Below are entries; copy exactly the lines from the one with "Podľa saskárov po" through the one with "used 2023 Toyota", both included, and leave out the rest.

▸ **Data**:
----------------------------------------

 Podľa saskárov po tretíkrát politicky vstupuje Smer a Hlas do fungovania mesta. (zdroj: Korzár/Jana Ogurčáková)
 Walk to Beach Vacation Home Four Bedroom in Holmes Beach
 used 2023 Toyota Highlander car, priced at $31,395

----------------------------------------

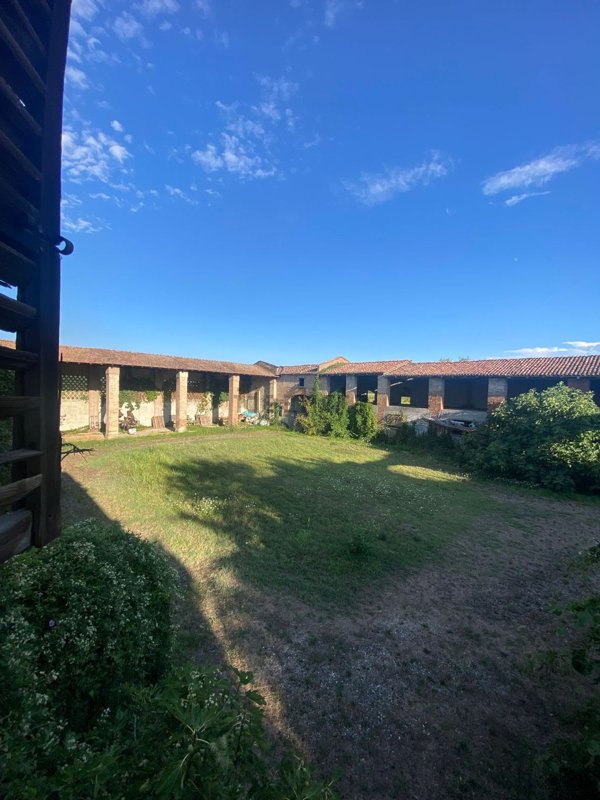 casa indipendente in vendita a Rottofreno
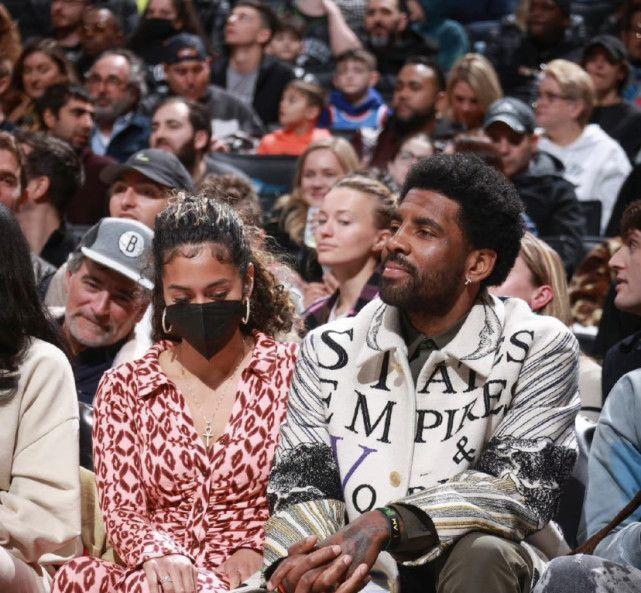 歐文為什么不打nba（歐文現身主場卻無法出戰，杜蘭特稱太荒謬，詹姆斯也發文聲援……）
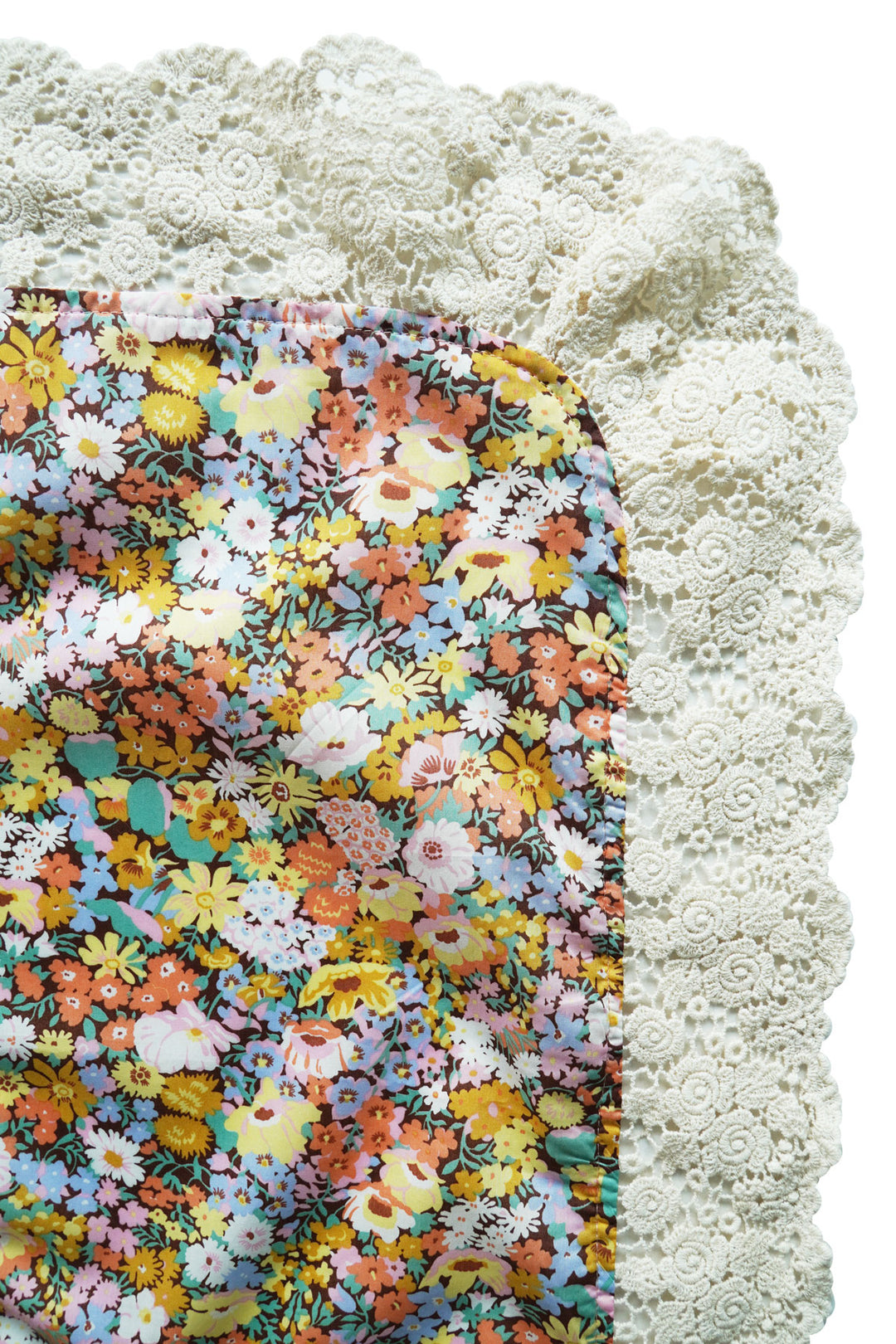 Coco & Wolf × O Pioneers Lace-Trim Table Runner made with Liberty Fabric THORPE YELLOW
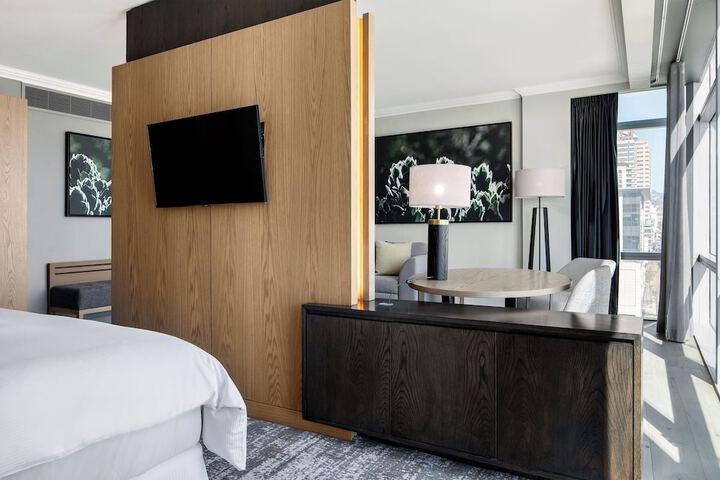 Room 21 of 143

----------------------------------------

▸ **The answer**:
 Podľa saskárov po tretíkrát politicky vstupuje Smer a Hlas do fungovania mesta. (zdroj: Korzár/Jana Ogurčáková)
 Walk to Beach Vacation Home Four Bedroom in Holmes Beach
 used 2023 Toyota Highlander car, priced at $31,395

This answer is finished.